Assigned task:
When you copy from the entries that follow, take only the lines from the one with "gluten free shepherd's pie with serving" down to the one with "Комутатор мережевий GreenVision", keeping both ends and dropping every picture.

[Opening Materials provided section]

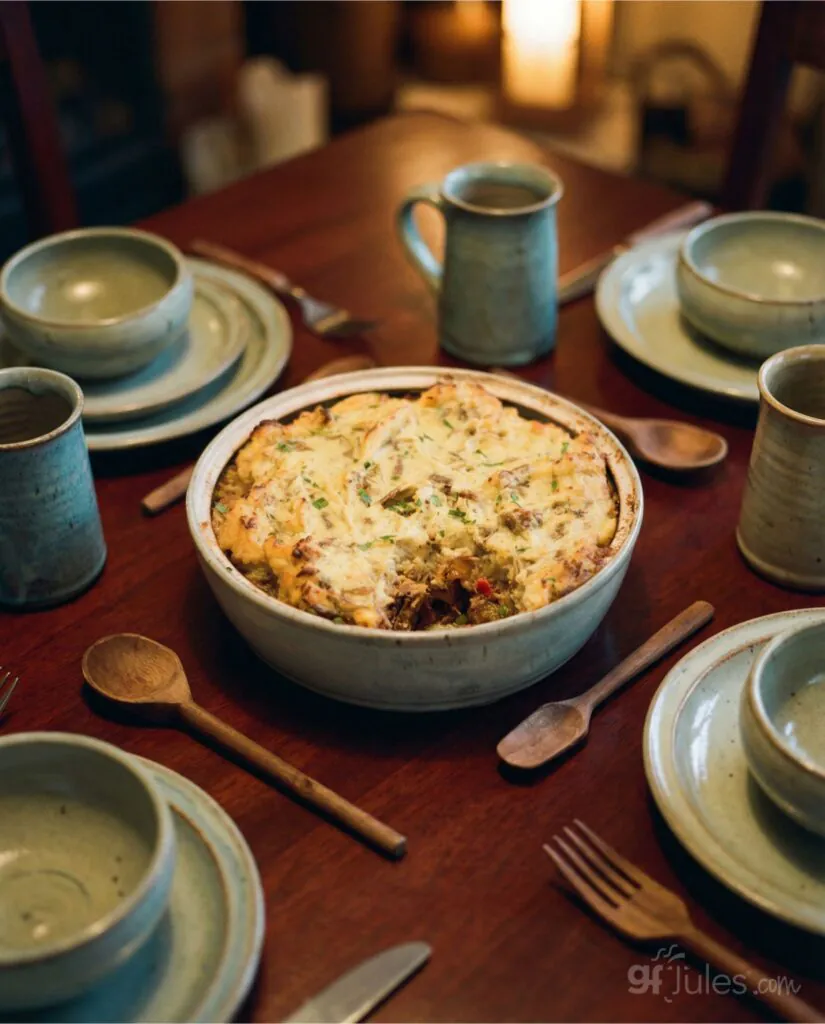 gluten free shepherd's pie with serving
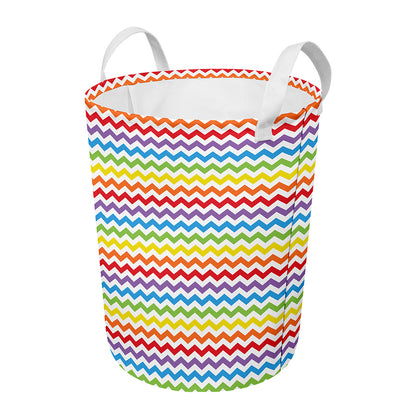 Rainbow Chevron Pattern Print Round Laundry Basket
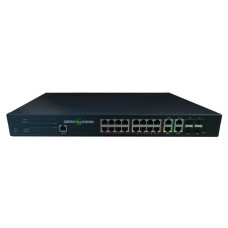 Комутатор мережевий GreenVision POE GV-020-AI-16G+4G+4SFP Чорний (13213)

[Closing Materials provided section]
[Opening Materials provided section]

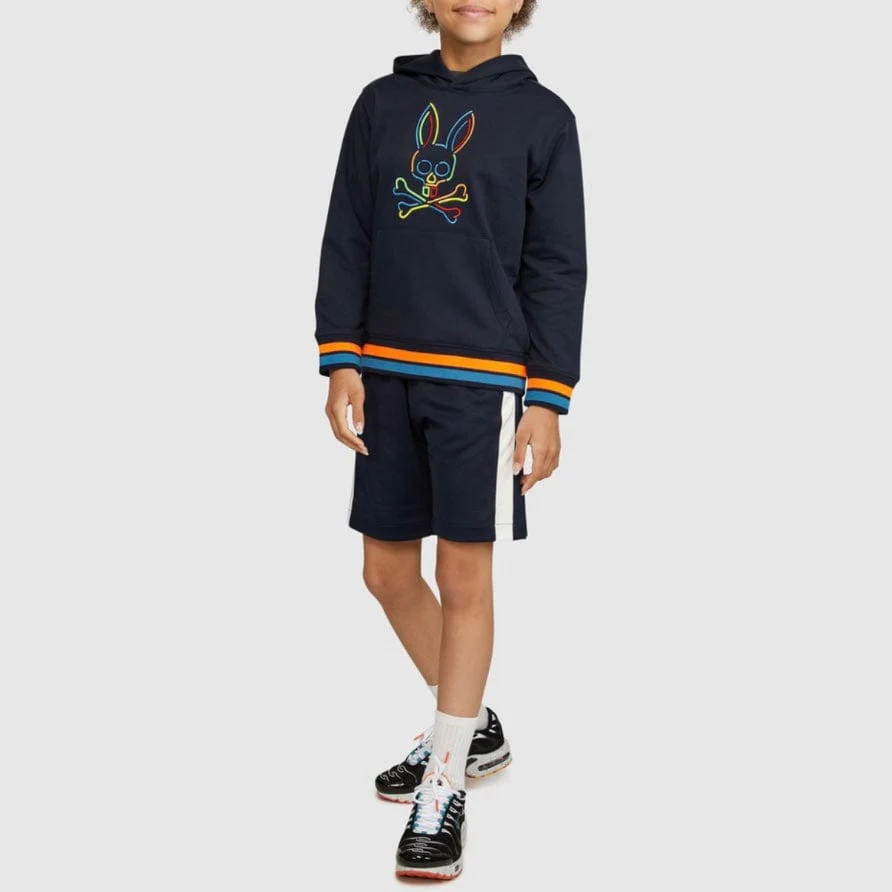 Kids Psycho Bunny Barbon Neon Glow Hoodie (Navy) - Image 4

[Closing Materials provided section]
[Opening Materials provided section]

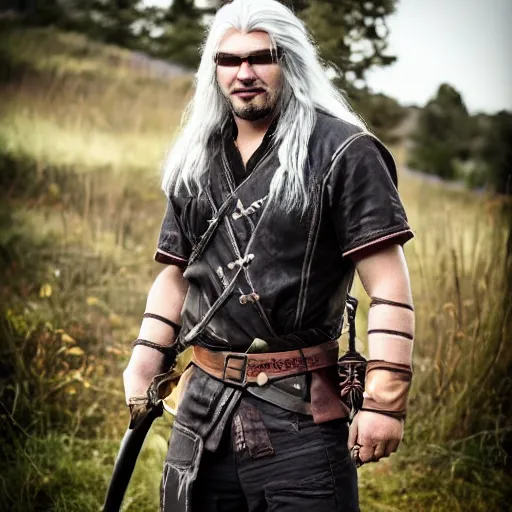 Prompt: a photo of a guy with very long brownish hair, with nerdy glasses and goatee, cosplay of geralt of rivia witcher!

[Closing Materials provided section]

Response:
 gluten free shepherd's pie with serving
 Rainbow Chevron Pattern Print Round Laundry Basket
 Комутатор мережевий GreenVision POE GV-020-AI-16G+4G+4SFP Чорний (13213)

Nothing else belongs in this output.